For greater peace of mind that applications will be unaffected in terms of operation and performance, C-states can be enabled or disabled at a per-core level . Each C-state (C1, C1E and C6) can also be enabled or disabled exclusively at a per-core level allowing for fine-grained control over which C-states will be used. This becomes significant when we consider that C1 gives good power savings with an exit latency of just a few microseconds, while the C6 exit latency is tens of microseconds (as reported by the ACPI kernel module on some CPUs). Enabling C1 and disabling C6 can be a good tradeoff between achieving power savings and not impacting the operation, performance, and determinism of certain control-plane threads if required. As power becomes increasingly important, identifying previous misconceptions that are costing operators watts is a valuable exercise. Before disabling C-states, their potential power savings should first be explored by operators and vendors.
Enabling C-states Efficiencies on DOCSIS MAC Dataplane Cores
While the previous section addressed the use of C-states for threads that do not relentlessly poll hardware for packets, performance optimized DOCSIS MAC threads experiencing periods of lower network load can also benefit from the use of C-states. The main obstacle is that both CPU hardware and the OS are unable to distinguish between high and low load for applications that use optimized polling models. Regardless of the network load they are processing, these types of applications appear to fully utilize the CPU by continuously polling even when they are not receiving packets. This challenge can be overcome by new techniques involving the detection of low loads by the application’s DPDK PMD, the component best placed to determine the true real-time load of the application.
Latest CPUs support a WAITPKG instruction set which allows user-space applications to put the core into one of the two previously mentioned, power-optimized C0.1 or C0.2 states. C0.1 has a faster exit latency than C0.2, and both exit much faster than C1 or C6 . Two instructions, in particular, are of interest:
- UMONITOR: Sets up an address range to be monitored by hardware for writes, and activates the monitor.
- UMWAIT: Instructs the core to stop instruction execution until the monitored address range is written to. The core can enter the C0.1 or C0.2 states or switch to a hyper-thread sibling.

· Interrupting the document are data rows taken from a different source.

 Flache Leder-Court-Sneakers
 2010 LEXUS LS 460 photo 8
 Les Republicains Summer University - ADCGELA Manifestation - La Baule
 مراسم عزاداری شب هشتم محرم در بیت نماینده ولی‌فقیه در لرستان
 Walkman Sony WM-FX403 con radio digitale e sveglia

Support for these instructions has been added recently to several DPDK Ethernet PMDs via its power management application programming interface (API) . When enabled, these PMDs monitor the number of packets received each time the network interface card (NIC) is polled. After a configurable number of empty reads, the PMD issues the UMONITOR instruction to activate a monitor on the next receive descriptor address of the NIC. It then issues the UMWAIT instruction, allowing the core to enter one of the aforementioned power-optimized states. As soon as the address is written to (signaling there is a new packet available), the core is woken up instantly and it continues processing traffic. Unlike C1 and C6, these lighter C-states provide power savings but are more suited to performance critical cores, thanks to their negligible exit latencies.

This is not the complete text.